CODEWITHSUNDEEP
pythondjangopython-2.7django-modelsdjango-views
dahyunism
dahyunism

Reputation: 55

Django reverse foreign key

I'm using python/django for 1 month now and I need help because I can't find any similar questions that has the answer I was looking for. I have Worker model and Job model. A Worker can have many jobs. I need to query the latest job that the Worker has.

class Worker(models.Model):
   name = models.CharField(max_length=128)

class Job(models.Model):
   worker = models.ForeignKey(Worker)
   type = models.CharField(max_length=64)
   position = models.CharField(max_length=64)
   location = models.CharField(max_length=128)
   start_date = models.DateField()

I am currently using this sample code. The problem is that this returns similar Worker objects including its previous jobs. I just want to query the Worker with the latest job location and start date.

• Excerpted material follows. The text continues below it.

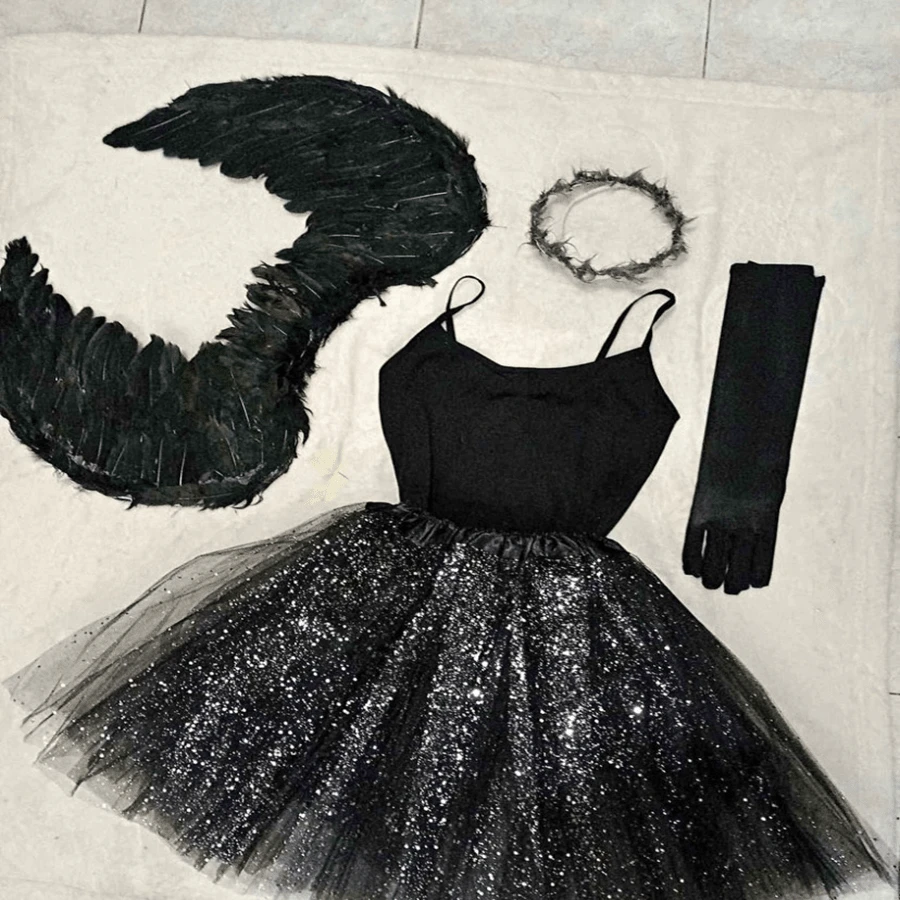 Disfraz De Angel - Negro - Ver 1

for employee in Job.objects.all():
   print(employee.worker, employee.location, employee.start_date)

Sample Output

(A, north, 2018-01-21)
(A, south, 2018-09-13)
(A, east, 2019-05-11)
(B, west, 2019-01-01)

Is there a way to use a for loop to a query like Worker.job_set.all() to have this expected output

(A, east, 2019-05-11)
(B, west, 2019-01-01)

Hope you can help a newbie like me. Thank you in advance! :)

Upvotes: 1

Views: 1988

Answers (3)

Javier Buzzi
Javier Buzzi

Reputation: 6838

I think the other two answers are very simplistic. Both of them are tackling the problem you are trying to accomplish now, but these solutions will fail once you have more and more workers/jobs since all their solutions are O(N*N). This solution is O(N).

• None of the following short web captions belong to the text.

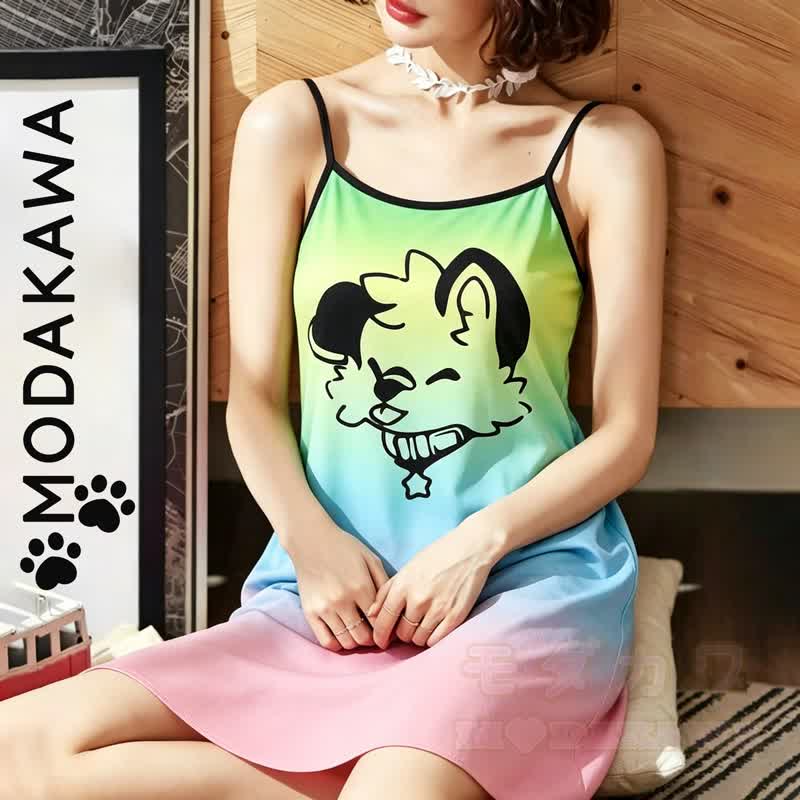 MODAKAWA Slipkleid mit Hundeprint, vielseitig tragbar - image 2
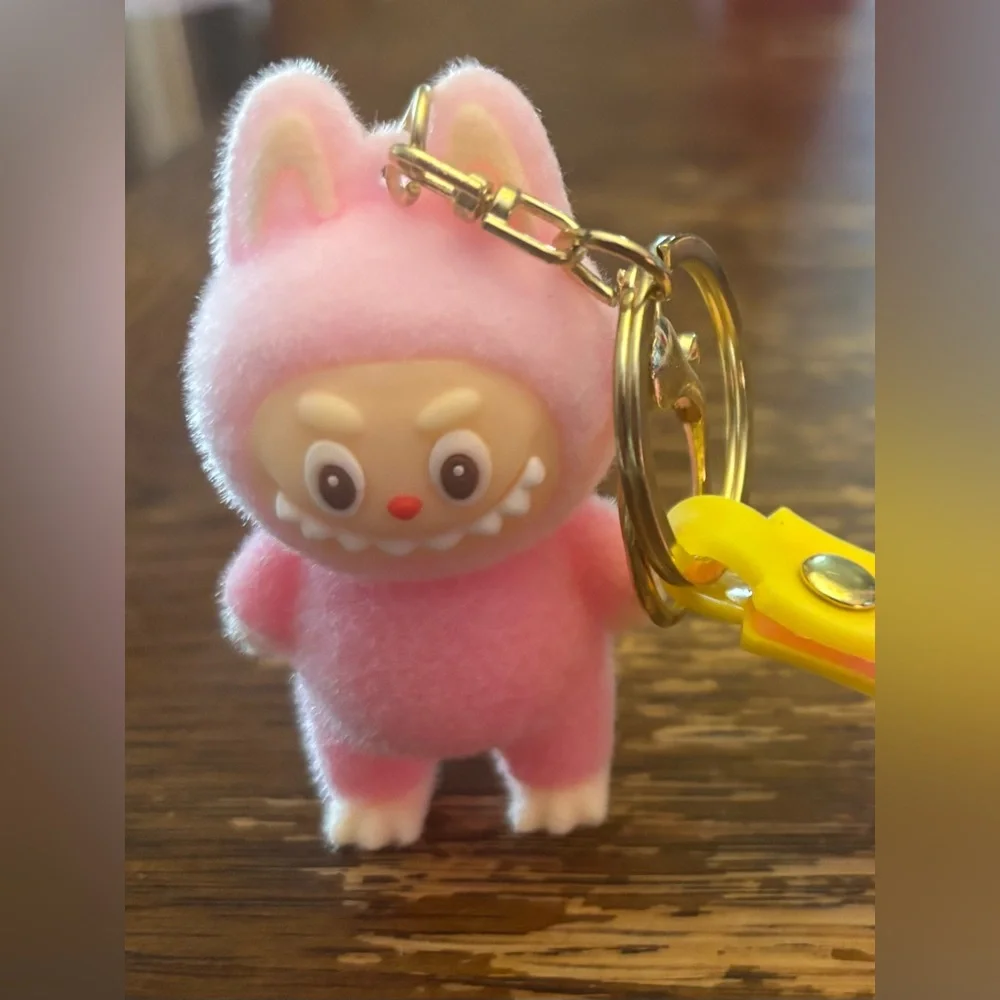 Labubu Fuzzy Pink Collectible Keychain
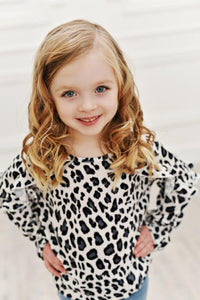 Long Sleeve Double Ruffle - Snow Leopard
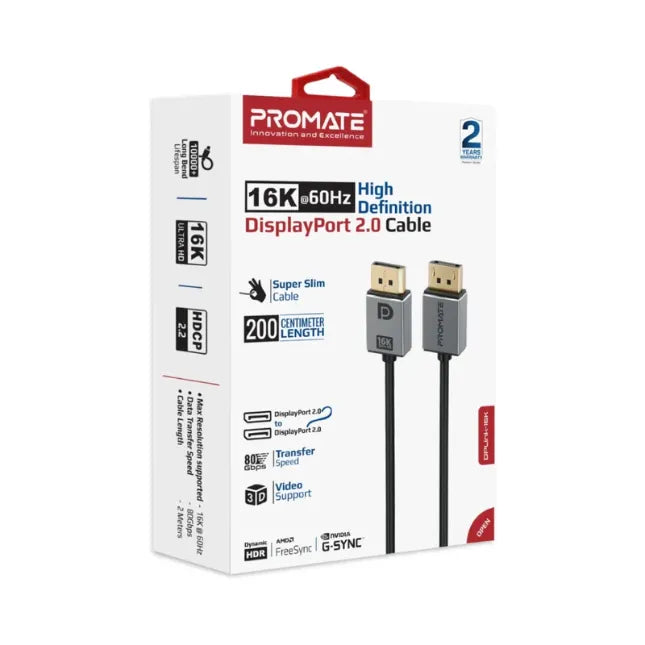 Promate DPLINK-16K, Display Port Cable High Definition Display Port 2.0 Cable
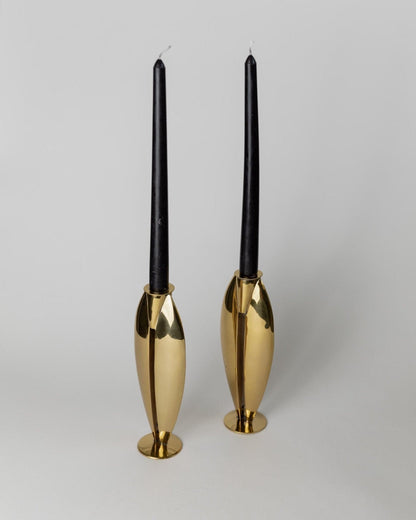 Bougeoir vintage en laiton Art Déco années 1970 lot de 2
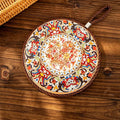 Heat Resistant Hot Pot Mat 17CM Cork Base Trivet Non-Slip Table Placemat Kitchen Dinner Mat Creative Ceramic Heat Insulating Mat HIP B 17cm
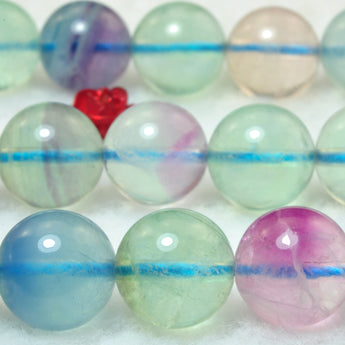 YesBeads Natural Fluorite gemstone smooth round loose beads rainbow fluorite wholesale jewelry making 15"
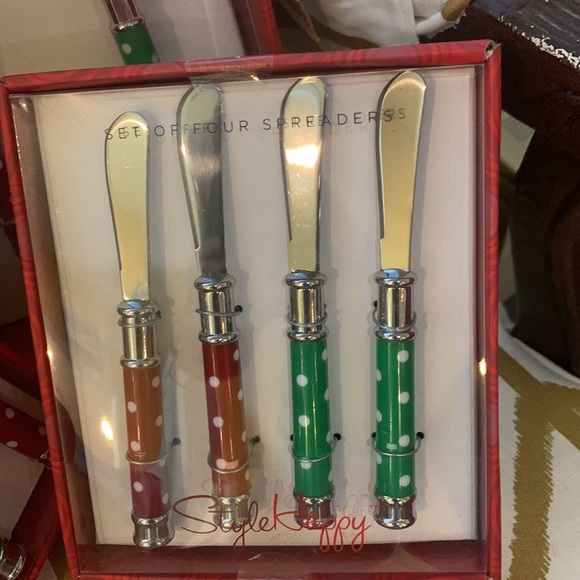 lot of style happy Christmas Cambridge salad server cake server cheese knives - Picture 2 of 8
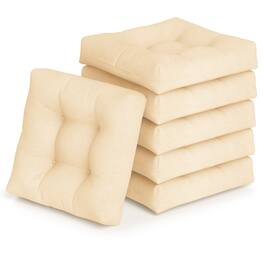 Gymax - Set of 6 21'' x 21'' Chair Seat Cushion Pads Patio - Beige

    subqry = models.Subquery(Job.objects.filter(worker_id=models.OuterRef('worker_id'))
                                        .order_by('-start_date').values('id')[:1])
    workers = Worker.objects.prefetch_related(models.Prefetch('job_set',
                                                              queryset=Job.objects.filter(id__in=subqry)))

    for worker in workers:
        # no matter what this will always have 1 // or nothing, depending on your logic; if nothing, fix this.
        latest_job = list(worker.job_set.all())[0]  
        print(worker.name, latest_job.location, latest_job.start_date)

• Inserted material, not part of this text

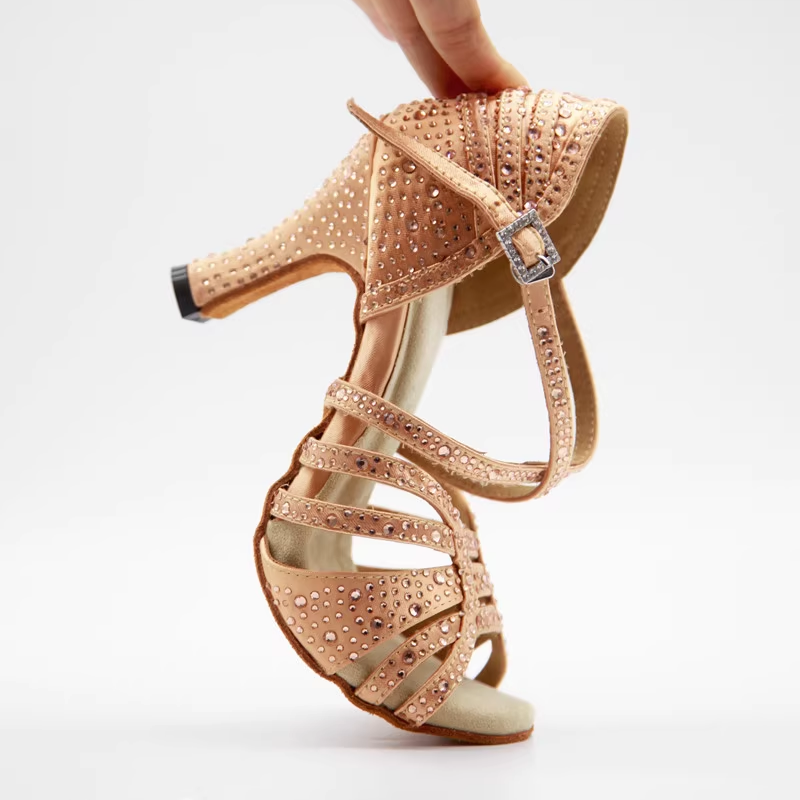 Aurora Bloom – Handmade Rhinestone-Embellished Nude Salsa Heels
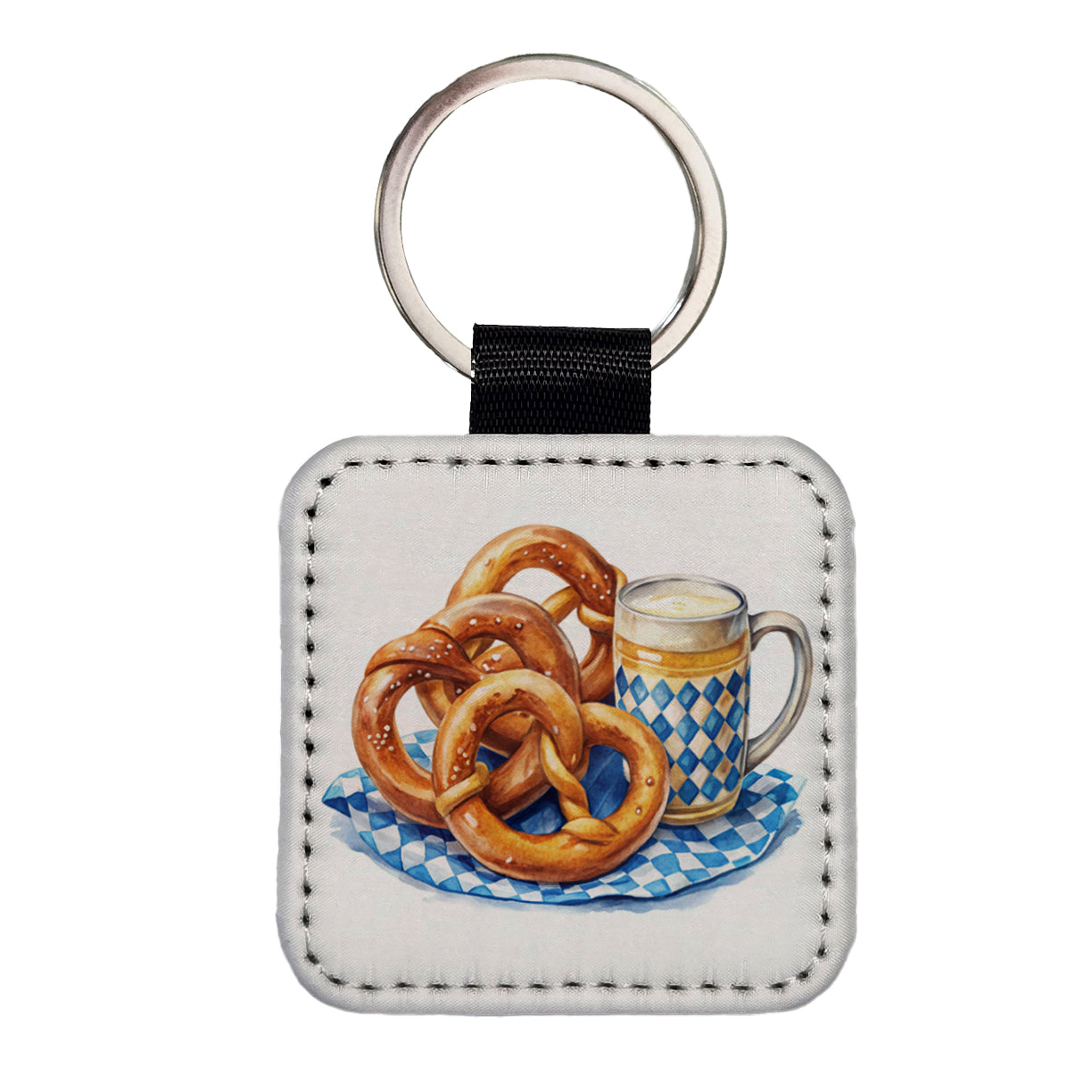 Oktoberfest German Pretzels Watercolor Square Faux Leather Keychain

This will do a single query for Worker like the rest, BUT will only do a single query for the latest jobs, the other solutions will make a query PER worker, this is inefficient and slow.

See this example for more background as how i tested all this. https://gist.github.com/kingbuzzman/ac2ada9c27196fc90c1b75f2d01a6271#file-django_prefetch_limit-py-L163

Upvotes: 2

Håken Lid
Håken Lid

Reputation: 23084

You can perform ordering on the job_set queryset, for example. Is something like this what you are looking for?

for worker in Worker.objects.all():
     latest_job = worker.job_set.latest('start_date')
     print(worker.name, latest_job.location, latest_job.start_date)

Upvotes: 1

heemayl
heemayl

Reputation: 42137

You can use the last method on the filtered and ordered (by start_date, in ascending order) queryset of a worker.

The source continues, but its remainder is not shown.